Scraped caption text data:
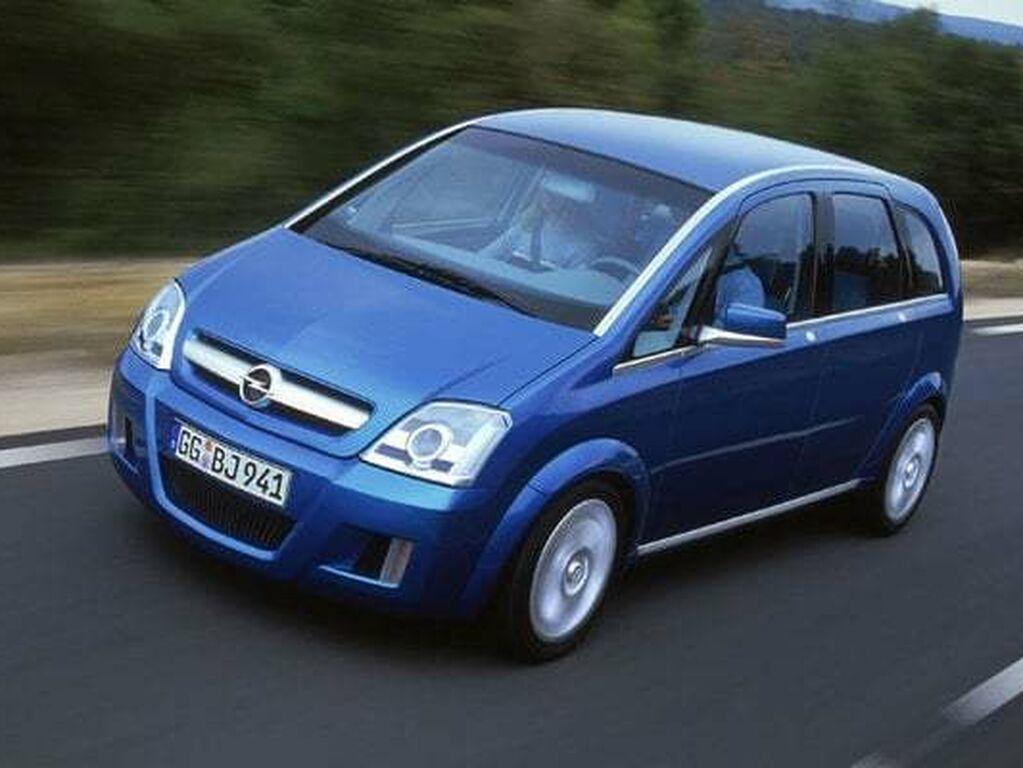 Tapis pour Opel Meriva A 2003 - 2010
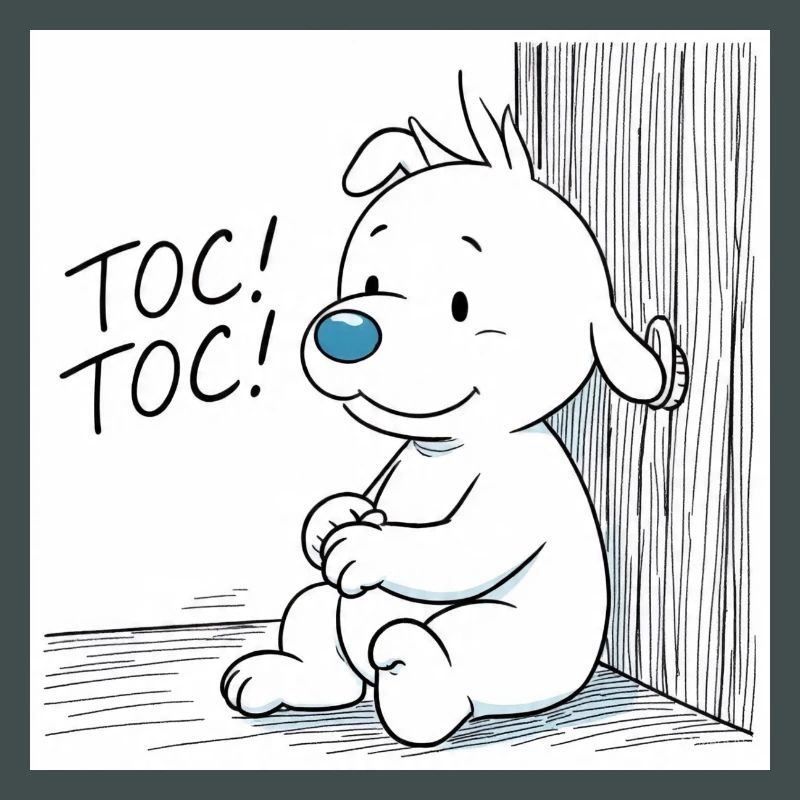 Idéfix Frappe Toc Toc Toc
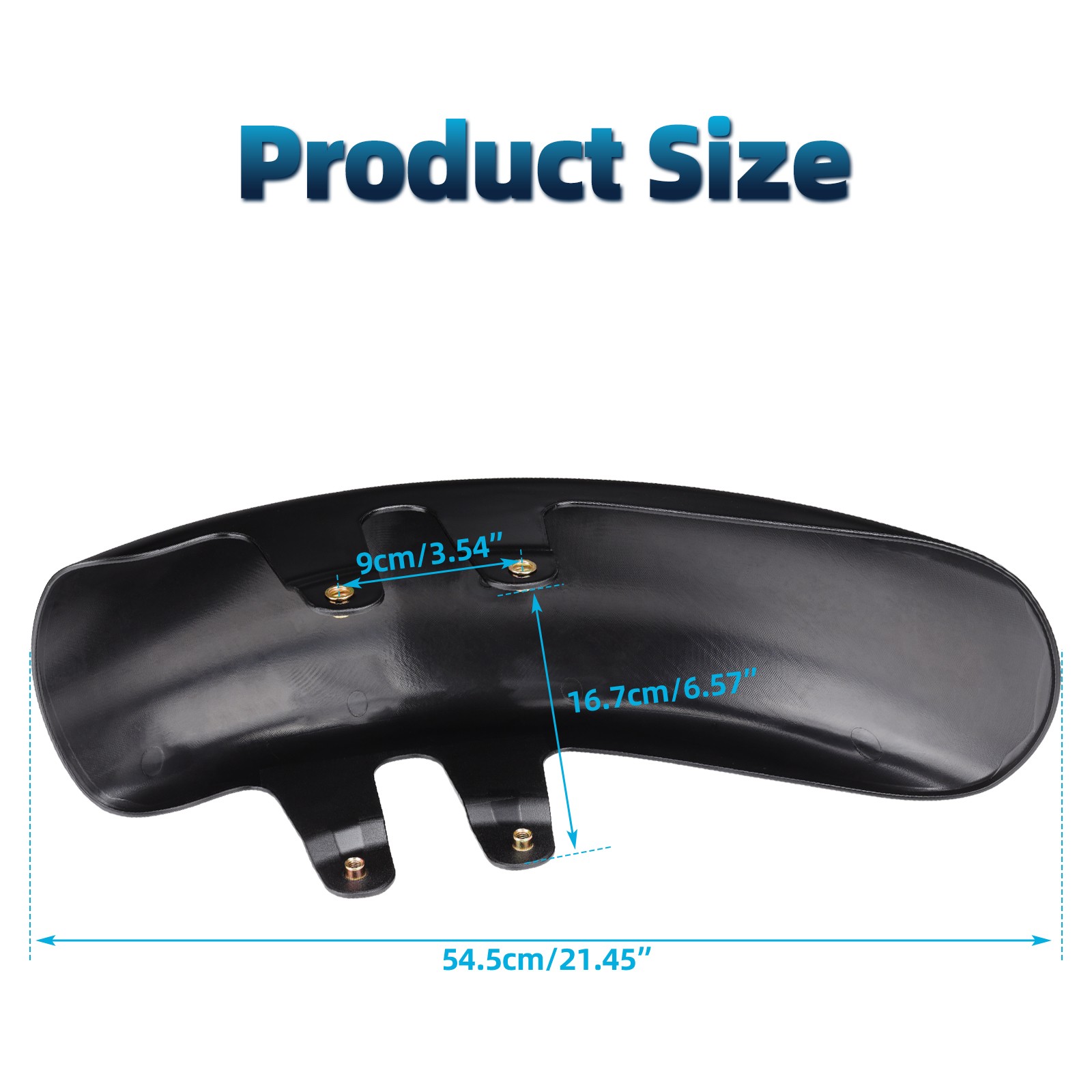 Front Fender Mudguard For Harley Touring Street Glide FLHX Road Glide FLTR 24-25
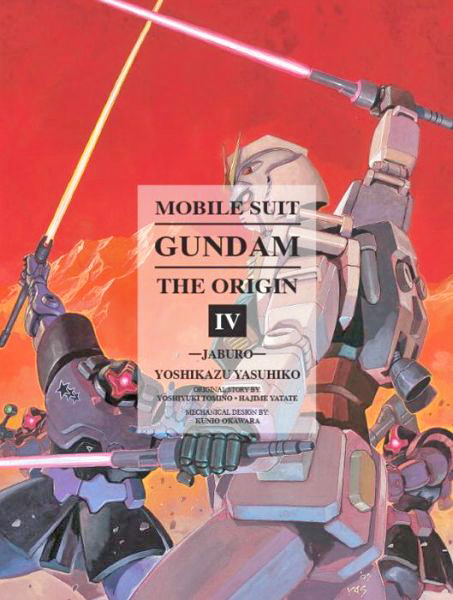 Mobile Suit Gundam: The Origin Vol.  4 (Hardcover) - MangaShop.ro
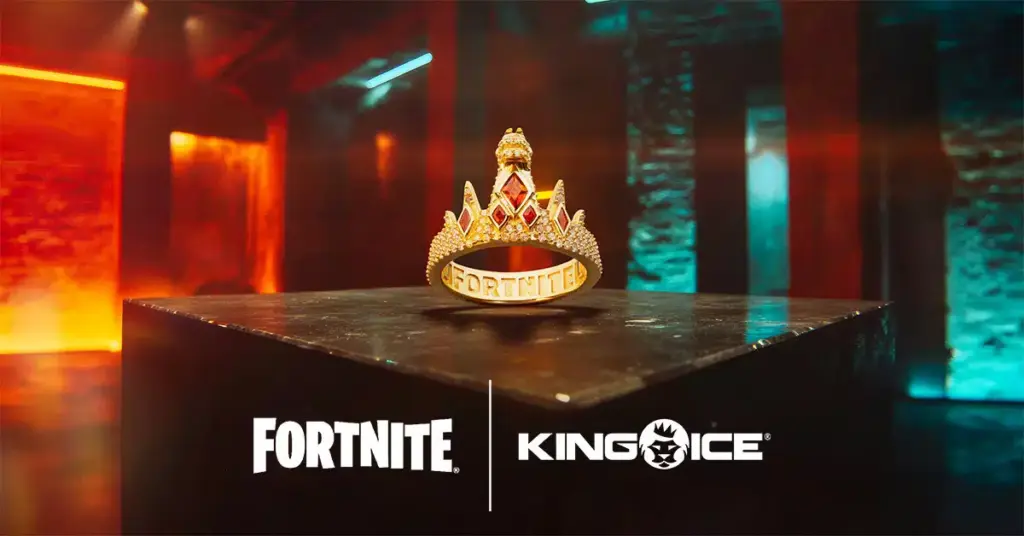 Fortnite x King Ice: Victory Crown wird zu echtem Schmuck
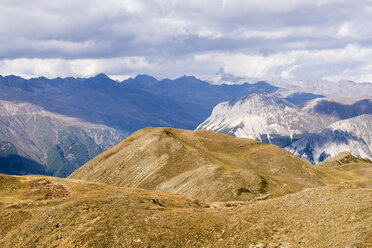 Italien, Südtirol, Watlesgebiet, Berglandschaft - MYF000611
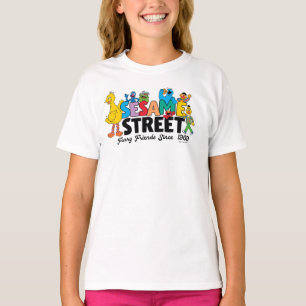 Sesame Street Hårigets vänner sedan 1969 T Shirt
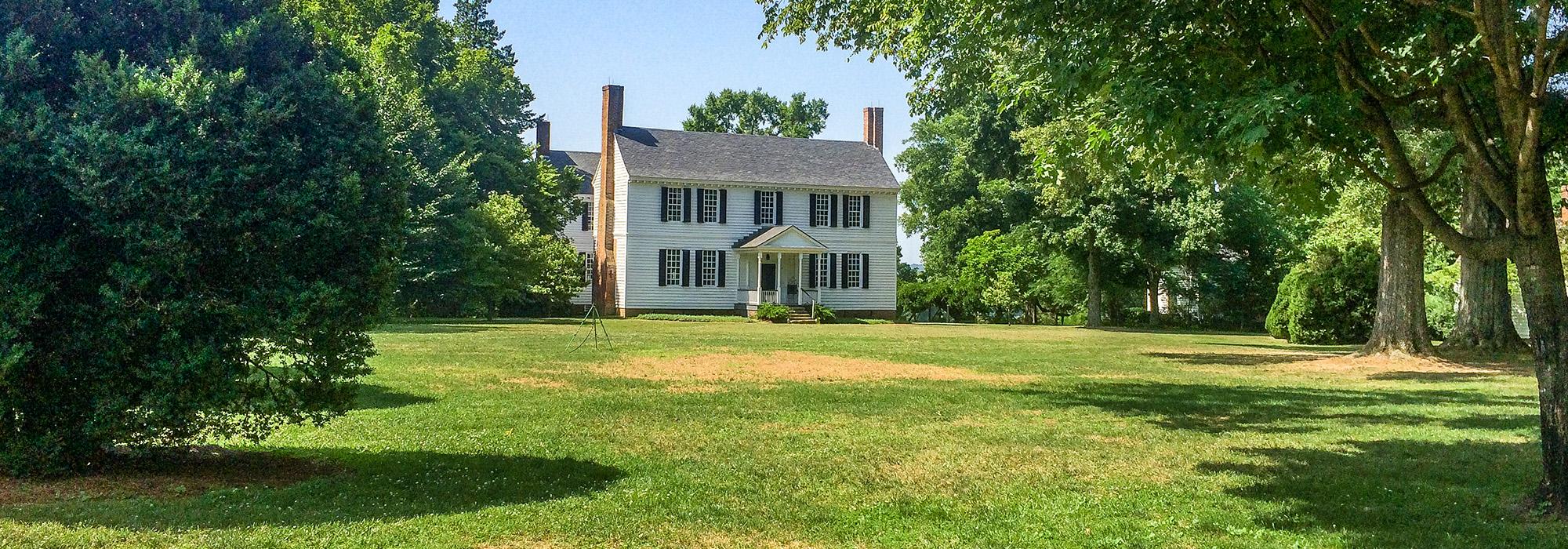 Tuckahoe Plantation, Richmond, VA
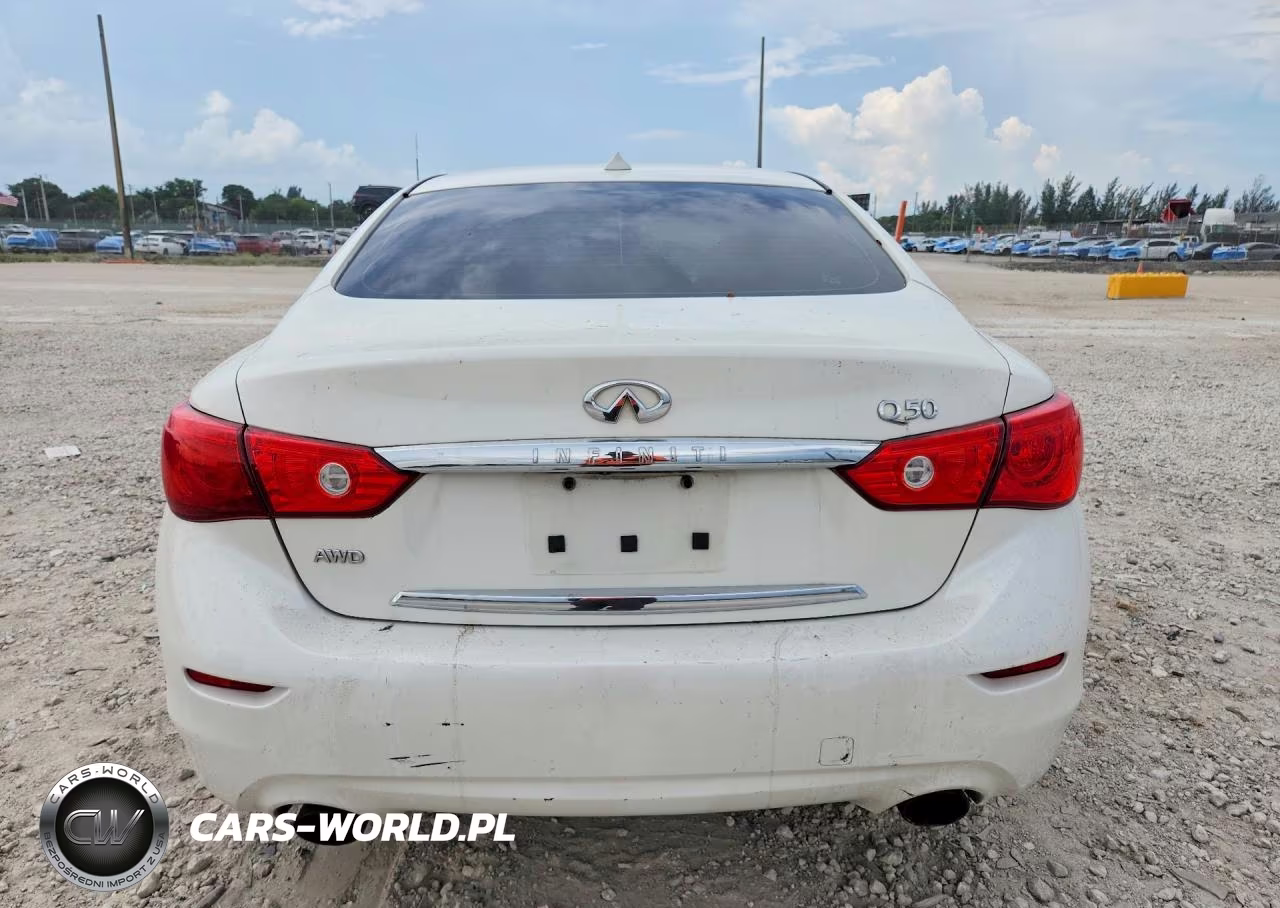 2017 Infiniti Q50 3.0T Premium VIN:JN1EV7AR5HM840585 - 6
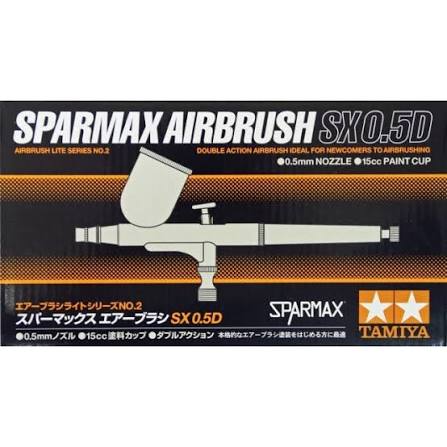 Sparmax Airbrush SX 0.5D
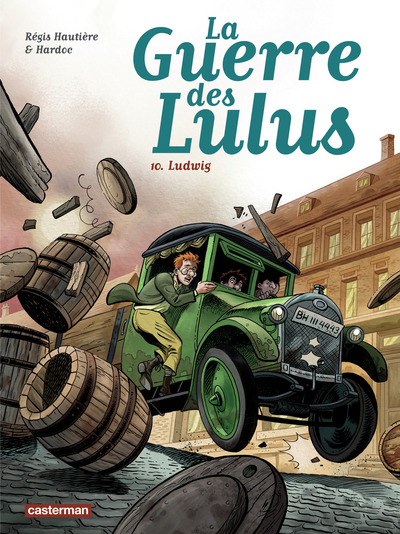 La guerre des Lulus - T10 - Ludwig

WORK INSTRUCTIONS :: Every entry, word for word: repeat it, but skip the images.

EXPECTED ANSWER ::
 Tapis pour Opel Meriva A 2003 - 2010
 Idéfix Frappe Toc Toc Toc
 Front Fender Mudguard For Harley Touring Street Glide FLHX Road Glide FLTR 24-25
 Mobile Suit Gundam: The Origin Vol.  4 (Hardcover) - MangaShop.ro
 Fortnite x King Ice: Victory Crown wird zu echtem Schmuck
 Italien, Südtirol, Watlesgebiet, Berglandschaft - MYF000611
 Sesame Street Hårigets vänner sedan 1969 T Shirt
 Tuckahoe Plantation, Richmond, VA
 2017 Infiniti Q50 3.0T Premium VIN:JN1EV7AR5HM840585 - 6
 Sparmax Airbrush SX 0.5D
 La guerre des Lulus - T10 - Ludwig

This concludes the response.